I would suggest to go for T3i against T1i. I use articulate screen often when you are taking shots in a crowded event at an angle. However, agree it would be prone to damage, but to think of that, one can be careless enough to drop the camera too.....
Would feel to choose the most recent piece among the given budget & technology as you will not be swapping the bodies frequently.
Enjoy your shots.. Canon over Nikon in this segment is definitely a Yes....


----------



## Chann (Jan 15, 2012)

kalin0121 said:
			
		

> I also thought the same thing about the swivel screen. Seems like one wrong move and you end up with a broken or wobbly screen.



I have a 60d which also has a swivel screen.  I seldom use it pulled out but it has a quality built hinge that feels robust. Of course if it is mishandled, it could be damaged.  My favorite part of having a swivel screen is that I can close it with the glass screen facing the camera which protects it while carrying or when its in my soft bag. 

The T3i has quite a few upgrades over the T1i.  
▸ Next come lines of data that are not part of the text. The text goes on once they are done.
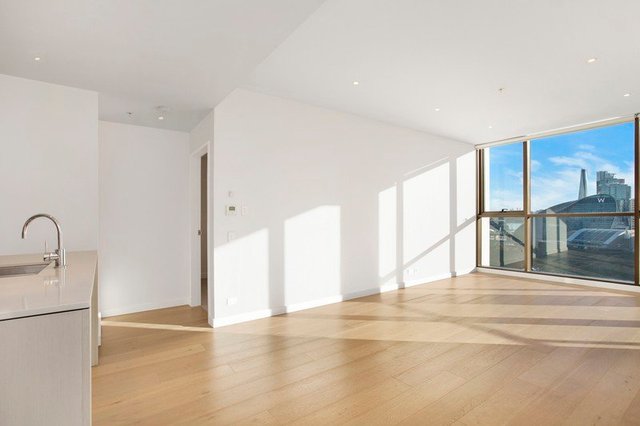 2006/82 Hay Street, NSW 2000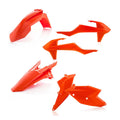 ACERBIS PLASTIKKIT für KTM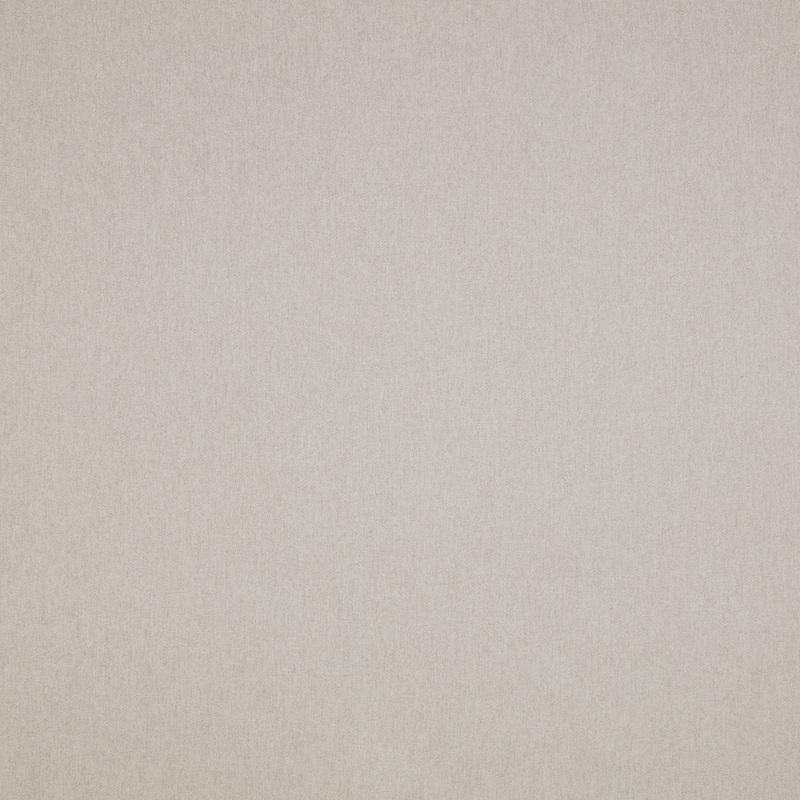 iLiv Calvert Fabric Platinum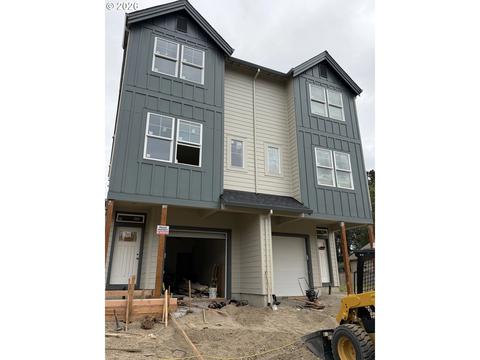 4148 SW 174th Ave, Beaverton, OR 97078
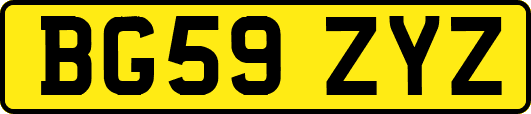 BG59ZYZ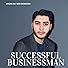 Primary photo for Mastering Money Budgeting Funding and Financial Planning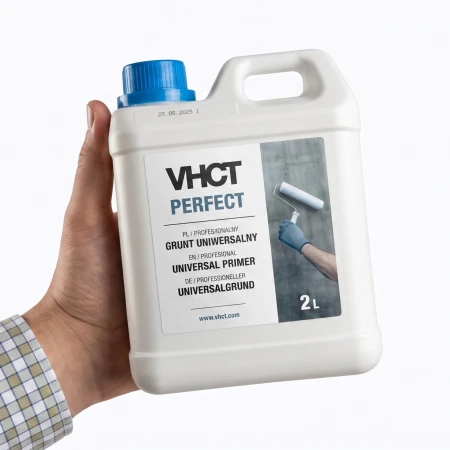 VHCT Perfect Grunt 2L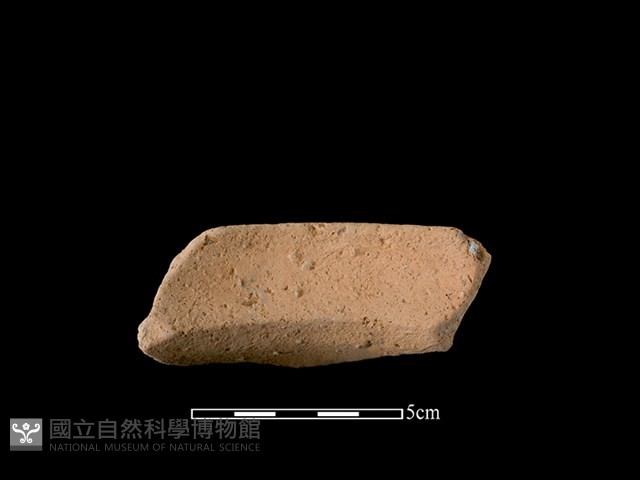 陶罐藏品圖，第2張
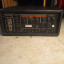 Roland RE-501 Space Echo (reverb and chorus classic)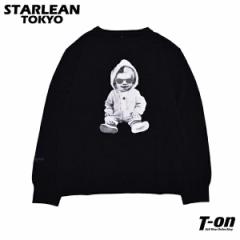 yzg[i[ Y X^[A STARLEAN TOKYO  slsw036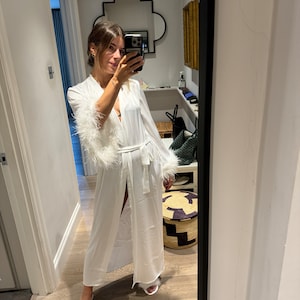 Danae added a photo of their purchase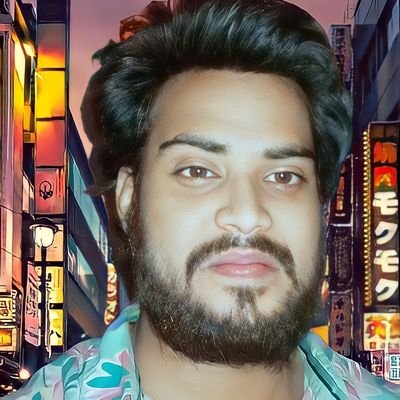 Webdev_Shahriar's profile picture. Web Developer and WordPress Expert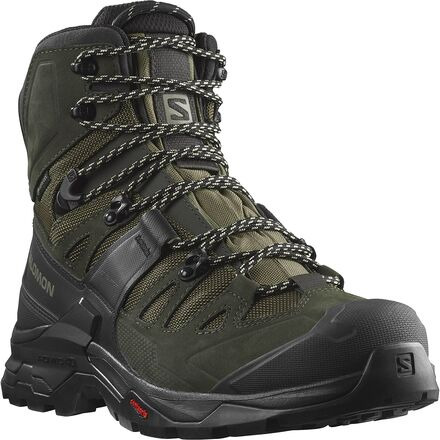 Quest 4 GTX Backpacking Boot - Men's - 2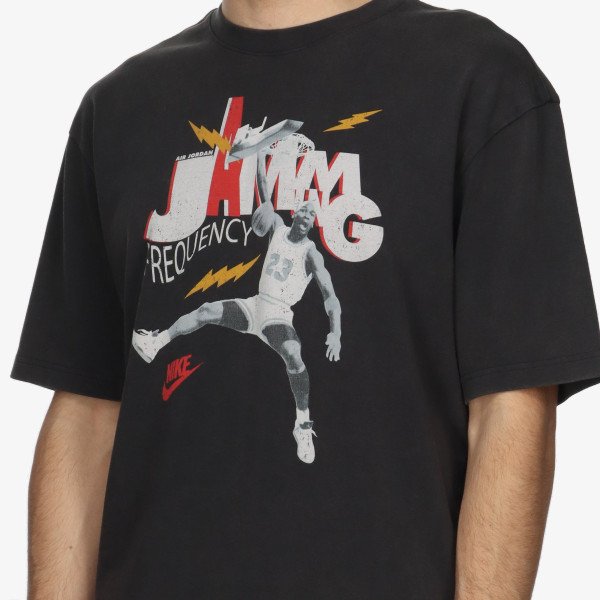 Nike Tricou Jam 85 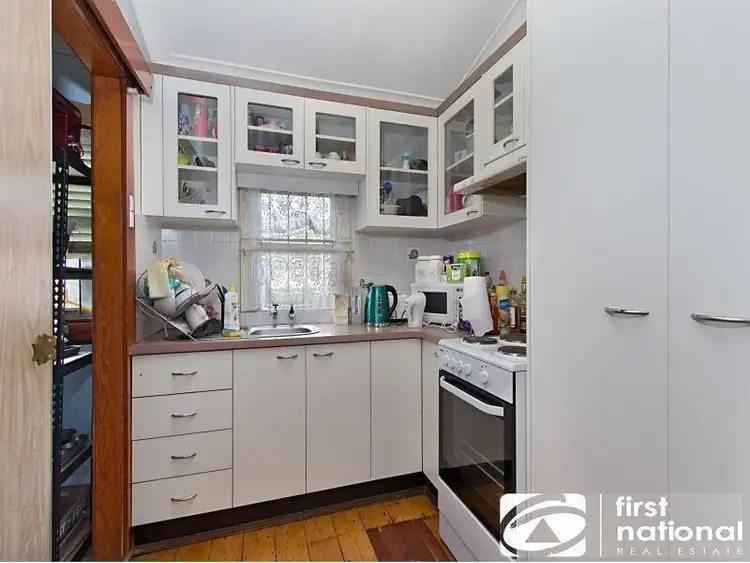 Second view of Homely house listing, 9 Memphis Street, Mount Druitt NSW 2770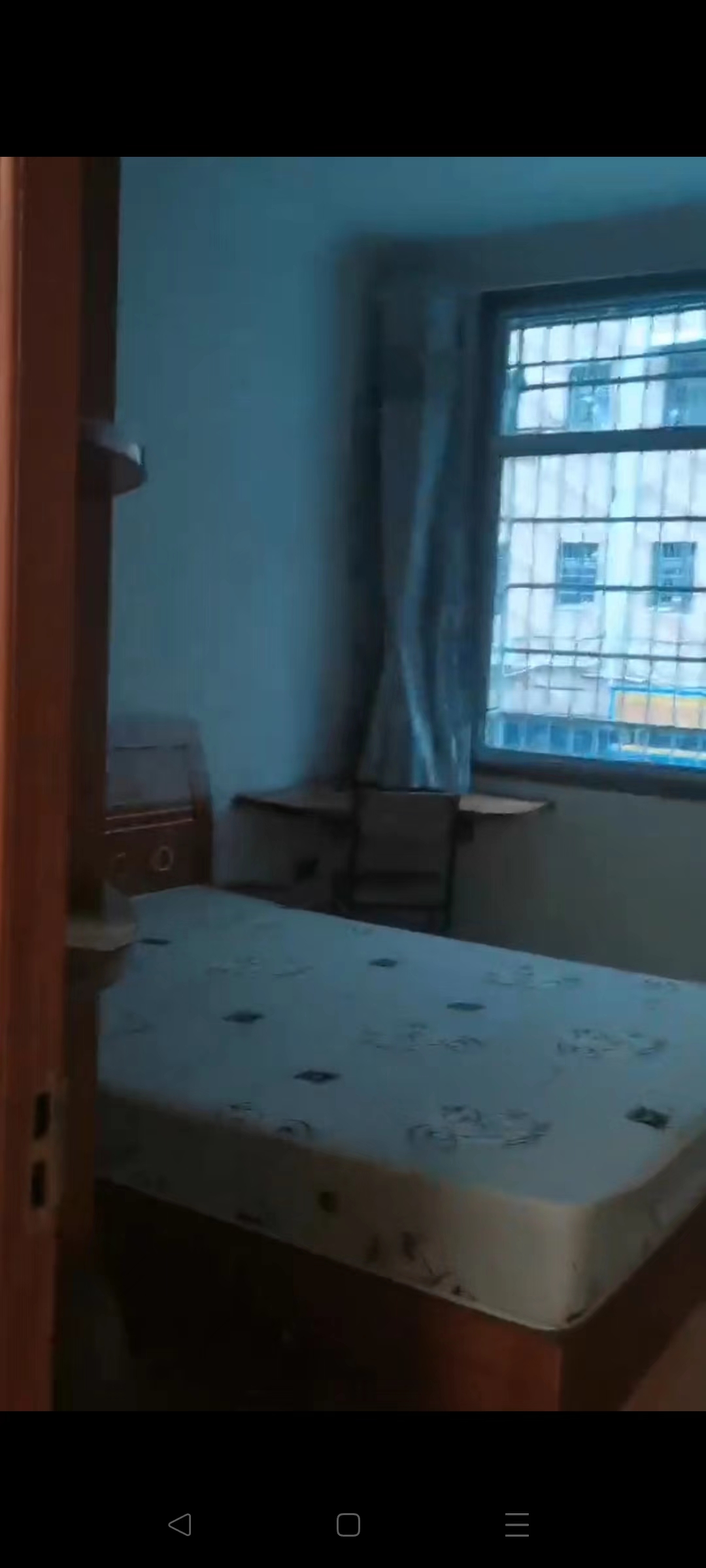 月秀小区 3室2厅1卫 1000.00元/月 月秀小区 3室2厅1卫 1000.00元/月室内图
I have always found that if you are buying something which you will not be replacing for a long time, then go with an upper model. If you can easily afford upgrading later then get the T1i now for learning and use it to decide which features are important to you.


----------



## MLeeK (Jan 15, 2012)

The sensors in the T2i and the T3i are the same. Image quality and abilites will be exactly the same. The biggest difference in the T3i is the articulating screen. IMO-that is a recipe for a disaster, but a lot of entry level shooters and possibly video shooters really like them. The t3i has some options for reduced resolution shooting that the T2i doesn't have-which is kind of silly if you ask me. Why buy a high quality camera to reduce the quality of the image you capture? Doesn't make sense. I believe there are a couple of abilities with video that are slightly different too. So, you can save a few bucks by going with the T2i if the few differences aren't MUST NEEDS for you.
Once you move to a DSLR the screen is NOT good for taking images and focusing. You will really need to use the viewfinder (which isn't even present on most point and shoot cameras anymore) to get the best images. So, the screen being a NEED? probably not for most people.
Review on the T3i from CNet 'Choosing between the T3i, T2i, 60D and 7D' - Canon EOS Rebel T3i (with 18-55mm IS II lens) user review and rating - CNET Reviews

Buy the kit lens and if you have the budget to cover it add in the 50mm f/1.8 and here's why: The kit lens is a great entry level lens and has pretty decent quality for a consumer lens, but the widest aperture changes as you use the zoom on it. If you are using manual or learning to use manual that changes your settings if you move the zoom at all. The 50mm isn't a zoom and it doesn't change it's aperture on you unless you change it. That makes it a bit easier to use while you are learning about the exposure triangle.
It is also f/1.8 which is almost two stops more light than 3.5 and 3 stops more light than 5.6. What does that mean? You can shoot in MUCH MUCH less light with it than you can with the kit lens. That's a big deal inside during the winter when you are learning. 
It's also a prime lens-no zoom. Primes are the sharpest lenses on the market. It'll give you a good taste for a sharp, prime lens.
It's cheap as hell for it's abilities. I think it's the cheapest lens in the canon line up right now and for a fast (f/1.8) sharp prime it's worth it's price twice over. 

Then add the book Understanding Exposure by Bryan Peterson
After that add a decent camera bag that will allow you to keep it all safely stored in one place. 


ENJOY!


----------



## iresq (Jan 15, 2012)

I'm sure it happens but have you ever read about it happening?  The T3i and 60d are very popular.  I would think that you would see posts labeled 'Crap, broke my articulating screen' once in a while.  I don't worry about mine and you can turn the screen around for ultimate protection.

This is not a tree in the forest type response.  I am sure that someone has broken this screen lust as I am sure someone has broken a fixed screen.


----------



## Chann (Jan 15, 2012)

I also wanted to mention that one of my favorite features of my 60d is the wireless slave flash. I use it with my 430 EX flash often. Canon added this feature to the new T3i.  

I recommend picking up a flash. The 430 EX II is great. You can save about $50 with the 320 EX flash. It has a modeling/video light and can be used as a wireless shutter trigger.


----------



## amj (Jan 16, 2012)

I agree with Chann. Go with the latest of the models for a long time in use ahead. Keep building your collection of good lenses, tripod, flash & a adequate bag.


----------